Texformer: 3D Human Texture Estimation from a Single Image with Transformers

This is the official implementation of "3D Human Texture Estimation from a Single Image with Transformers", ICCV 2021 (Oral)

Highlights

  • Texformer: a novel structure combining Transformer and CNN
  • Low-Rank Attention layer (LoRA) with linear complexity
  • Combination of RGB UV map and texture flow
  • Part-style loss
  • Face-structure loss

BibTeX

@inproceedings{xu2021texformer,
  title={{3D} Human Texture Estimation from a Single Image with Transformers},
  author={Xu, Xiangyu and Loy, Chen Change},
  booktitle={Proceedings of the IEEE International Conference on Computer Vision},
  year={2021}
}

Abstract

We propose a Transformer-based framework for 3D human texture estimation from a single image. The proposed Transformer is able to effectively exploit the global information of the input image, overcoming the limitations of existing methods that are solely based on convolutional neural networks. In addition, we also propose a mask-fusion strategy to combine the advantages of the RGB-based and texture-flow-based models. We further introduce a part-style loss to help reconstruct high-fidelity colors without introducing unpleasant artifacts. Extensive experiments demonstrate the effectiveness of the proposed method against state-of-the-art 3D human texture estimation approaches both quantitatively and qualitatively.

Overview

Overview of Texformer

The Query is a pre-computed color encoding of the UV space obtained by mapping the 3D coordinates of a standard human body mesh to the UV space. The Key is a concatenation of the input image and the 2D part-segmentation map. The Value is a concatenation of the input image and its 2D coordinates. We first feed the Query, Key, and Value into three CNNs to transform them into feature space. Then the multi-scale features are sent to the Transformer units to generate the Output features. The multi-scale Output features are processed and fused in another CNN, which produces the RGB UV map T, texture flow F, and fusion mask M. The final UV map is generated by combining T and the textures sampled with F using the fusion mask M. Note that we have skip connections between the same-resolution layers of the CNNs similar to [1] which have been omitted in the figure for brevity.

Visual Results

For each example, the image on the left is the input, and the image on the right is the rendered 3D human, where the human texture is predicted by the proposed Texformer, and the geometry is predicted by RSC-Net.

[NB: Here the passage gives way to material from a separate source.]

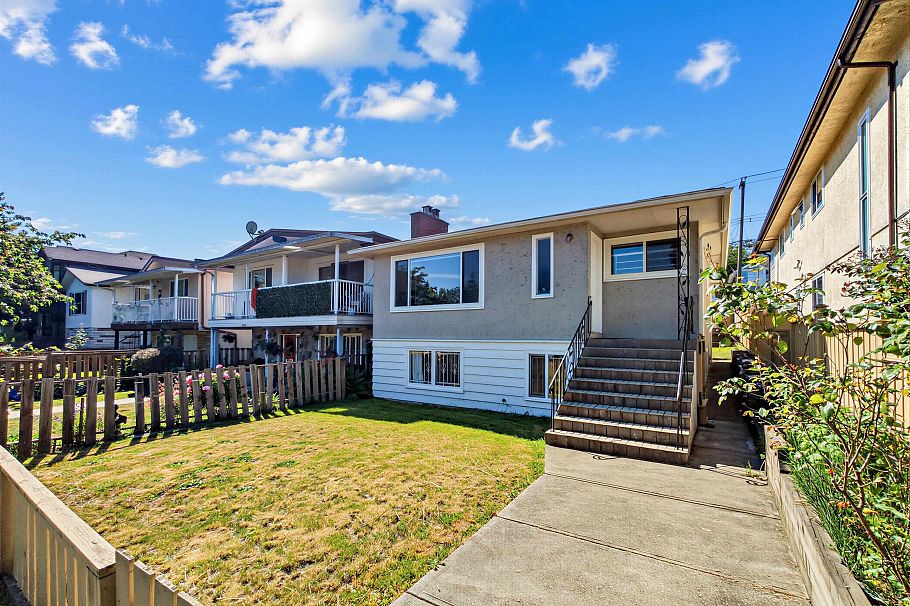 2514 E 27th Avenue Vancouver, BC - 1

input1 input1       input1 input1

Install

  • Manage the environment with Anaconda
conda create -n texformer anaconda
conda activate texformer
  • Pytorch-1.4, CUDA-9.2
conda install pytorch==1.4.0 torchvision==0.5.0 cudatoolkit=9.2 -c pytorch
  • Install Pytorch-neural-renderer according to the instructions here

Download

  • Download meta data, and put it in "./meta/".

  • Download pretrained model, and put it in "./pretrained".

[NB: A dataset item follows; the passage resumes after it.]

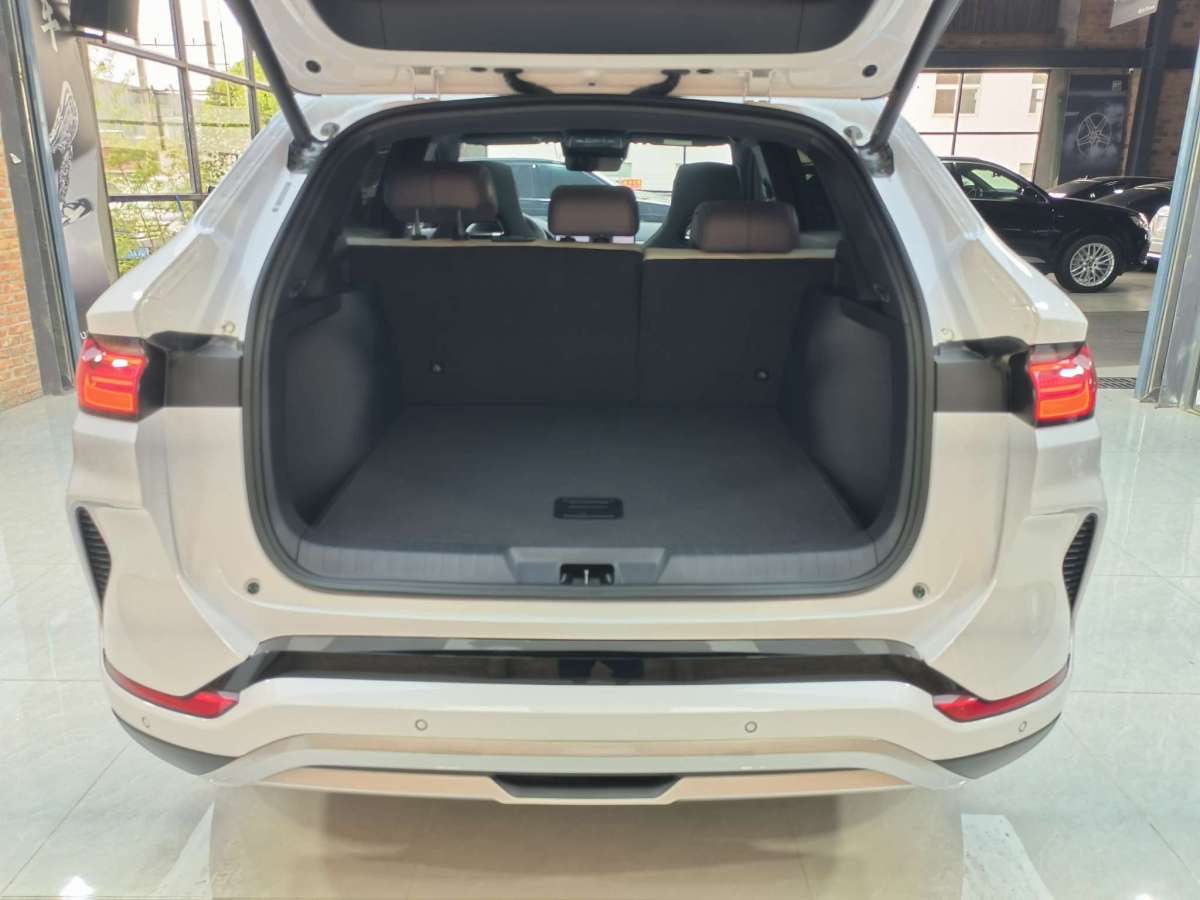 比亞迪 宋PLUS新能源  2025款 EV 605km 旗艦型圖片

  • We propose an enhanced Market-1501 dataset, termed as SMPLMarket, by equipping the original data of Market-1501 with SMPL estimation from RSC-Net and body part segmentation estimated by EANet. Please download the SMPLMarket dataset and put it in "./datasets/".

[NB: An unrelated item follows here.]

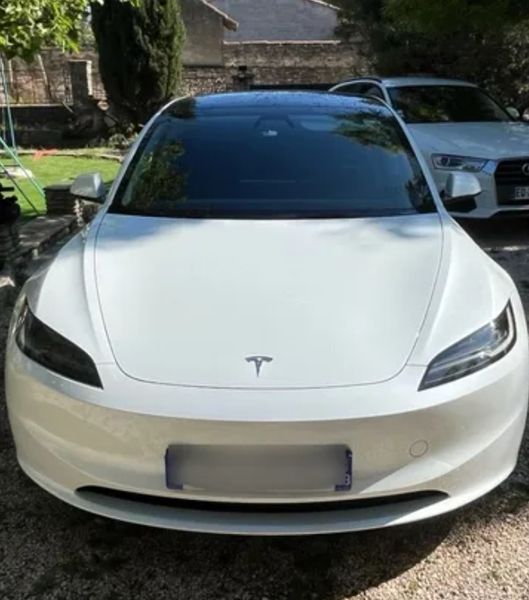 Tesla Model 3 • 2024 • 65,000 km 2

  • Other datasets: PRW, surreal, CUHK-SYSU. Please put these datasets in "./datasets/".

  • All the paths are set in "config.py".

Demo

Run the Texformer with human part segmentation from an off-the-shelf model:

python demo.py --img_path demo_imgs/img.png --seg_path demo_imgs/seg.png

If you don't want to run an external model for human part segmentation, you can use the human part segmentation of RSC-Net instead (note that this may affect the performance as the segmentation of RSC-Net is not very accurate due to the limitation of SMPL):

python demo.py --img_path demo_imgs/img.png

Train

Run the training code with default settings:

python trainer.py --exp_name texformer

Evaluation

Run the evaluation on the SPMLMarket dataset:

python eval.py --checkpoint_path ./pretrained/texformer_ep500.pt

References

[1] "3D Human Pose, Shape and Texture from Low-Resolution Images and Videos", IEEE Transactions on Pattern Analysis and Machine Intelligence, 2021.

[2] "3D Human Shape and Pose from a Single Low-Resolution Image with Self-Supervised Learning", ECCV, 2020

[3] "SMPL: A Skinned Multi-Person Linear Model", SIGGRAPH Asia, 2015

[4] "Learning Spatial and Spatio-Temporal Pixel Aggregations for Image and Video Denoising", IEEE Transactions on Image Processing, 2020.

[5] "Learning Factorized Weight Matrix for Joint Filtering", ICML, 2020

You might also like...
Towers of Babel: Combining Images, Language, and 3D Geometry for Learning Multimodal Vision. ICCV 2021.
Towers of Babel: Combining Images, Language, and 3D Geometry for Learning Multimodal Vision. ICCV 2021.

Towers of Babel: Combining Images, Language, and 3D Geometry for Learning Multimodal Vision Download links and PyTorch implementation of "Towers of Ba

Official Repository for the ICCV 2021 paper
Official Repository for the ICCV 2021 paper "PixelSynth: Generating a 3D-Consistent Experience from a Single Image"

PixelSynth: Generating a 3D-Consistent Experience from a Single Image (ICCV 2021) Chris Rockwell, David F. Fouhey, and Justin Johnson [Project Website

Official repository for
Official repository for "On Generating Transferable Targeted Perturbations" (ICCV 2021)

On Generating Transferable Targeted Perturbations (ICCV'21) Muzammal Naseer, Salman Khan, Munawar Hayat, Fahad Shahbaz Khan, and Fatih Porikli Paper:

 Official implementation of the ICCV 2021 paper
Official implementation of the ICCV 2021 paper "Conditional DETR for Fast Training Convergence".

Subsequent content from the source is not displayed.